Volata maestosa di Jonathan Milan sul lungomare di San Salvo. Primo arrivo in volata e prima vittoria italiana, dunque. Il nostro olimpionico dell’inseguimento replica le gesta, quasi le movenze, che lo hanno portato a tanti successi assieme a Ganna, segno evidente che l’apprendistato su pista fa bene a chi abbia intenzione di cogliere allori anche su strada. In Italia ci siamo arrivati un po’ tardi, ma finalmente si comincia a raccogliere qualche frutto.

Si partiva da Teramo, per visitare un po’ l’interno, ma dopo poco si recupera la costa, giusto in tempo per far affrontare ai corridori due strappetti buoni ad assegnare la prima maglia dei gran premi della montagna (se la prende Lapeira). Da lì in poi il gruppo si ritrova sulle stesse strade di ieri traboccanti di trabocchi, solo che il percorso si allunga fino alle estreme propaggini d’Abruzzo.

Si affrontano rotonde su rotonde. In mezzo a una di queste, quasi in vista dell’arrivo, un monumento ricorda le lotte contadine per l’occupazione delle terre incolte di Bosco Motticce.

A vederla così, un po’ sonnecchiosa, con la marina che si risveglia piano piano dal letargo dell’inverno, non si direbbe, ma San Salvo ha un passato di incubatrice di rivolte. In quelli che il fascismo rivendicava come anni di pacificazione – si era nel 1930 – l’intero paese insorse contro la risaia che si era deciso di impiantare ai margini dell’abitato, col seguito immancabile della morte contadina che ronzava come le zanzare portatrici di malaria. Il prefetto rimosse il podestà in seguito alla sommossa, ma la notte, a bocce ferme, scattarono retate e arresti di massa. Vent’anni dopo comunisti, socialisti e tanta gente comune partì dalla casa del sindacato, il tricolore in testa, per rivendicare pane, terra e lavoro e occupare il latifondo incolto. Ancora una volta, contro l’ordine costituito, la comunità riprendeva in mano il proprio destino. Se non fu eccidio, come nella vicina Lentella, fu solo per l’intervento del deputato locale del PCI Bruno Corbi.

Poco dopo la partenza era andata via la prima fuga di questo Giro, con Lapaira, Champion, Verre, Bais e Gandin.

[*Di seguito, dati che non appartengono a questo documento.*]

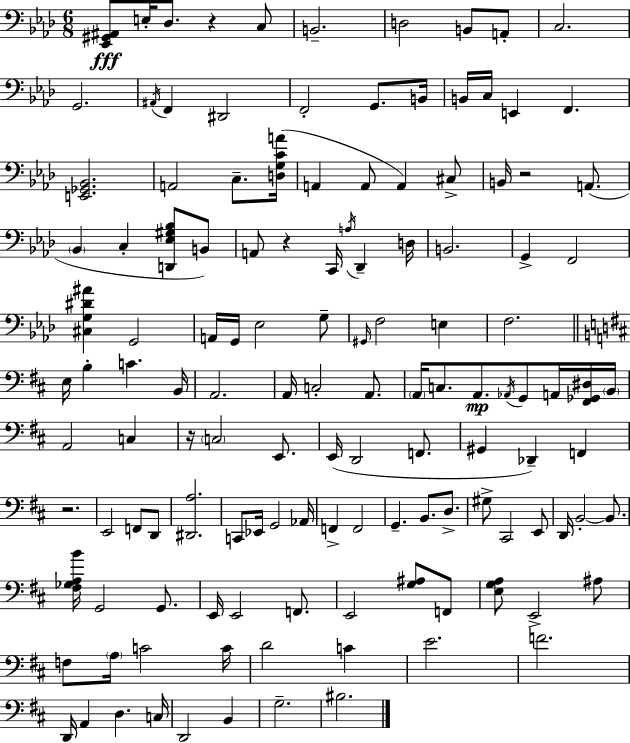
[Eb2,G#2,A#2]/e E3/s Db3/e. R/q C3/e B2/h. D3/h B2/e A2/e C3/h. G2/h. A#2/s F2/q D#2/h F2/h G2/e. B2/s B2/s C3/s E2/q F2/q. [E2,Gb2,Bb2]/h. A2/h C3/e. [D3,G3,C4,A4]/s A2/q A2/e A2/q C#3/e B2/s R/h A2/e. Bb2/q C3/q [D2,Eb3,G#3,Bb3]/e B2/e A2/e R/q C2/s A3/s Db2/q D3/s B2/h. G2/q F2/h [C#3,G3,D#4,A#4]/q G2/h A2/s G2/s Eb3/h G3/e G#2/s F3/h E3/q F3/h. E3/s B3/q C4/q. B2/s A2/h. A2/s C3/h A2/e. A2/s C3/e. A2/e. Ab2/s G2/e A2/s [F#2,Gb2,D#3]/s B2/s A2/h C3/q R/s C3/h E2/e. E2/s D2/h F2/e. G#2/q Db2/q F2/q R/h. E2/h F2/e D2/e [D#2,A3]/h. C2/e Eb2/s G2/h Ab2/s F2/q F2/h G2/q. B2/e. D3/e. G#3/e C#2/h E2/e D2/s B2/h B2/e. [F#3,Gb3,A3,B4]/s G2/h G2/e. E2/s E2/h F2/e. E2/h [G3,A#3]/e F2/e [E3,G3,A3]/e E2/h A#3/e F3/e A3/s C4/h C4/s D4/h C4/q E4/h. F4/h. D2/s A2/q D3/q. C3/s D2/h B2/q G3/h. BIS3/h.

Il gruppo li osserva avvantaggiarsi senza batter ciglio, si limita a tenerli d’occhio e li riassorbe senza, in verità, dannarsi troppo.

Il rettilineo d’arrivo, con le spiagge ad accompagnare da oriente gli ultimi chilometri di corsa, è ampio e liscio come un biliardo. Anzi, come il parquet di un velodromo. Vista la scarsa concorrenza (in teoria) per le volate, Gaviria si sente forse quasi obbligato alla vittoria, e questo gli è fatale, perché parte troppo presto. Lo rimontano in diversi, ma è Milan che prende il centro della strada, saltella come un picchio sul telaio e si toglie quasi di ruota Dekker per trionfare a braccia alzate sul traguardo.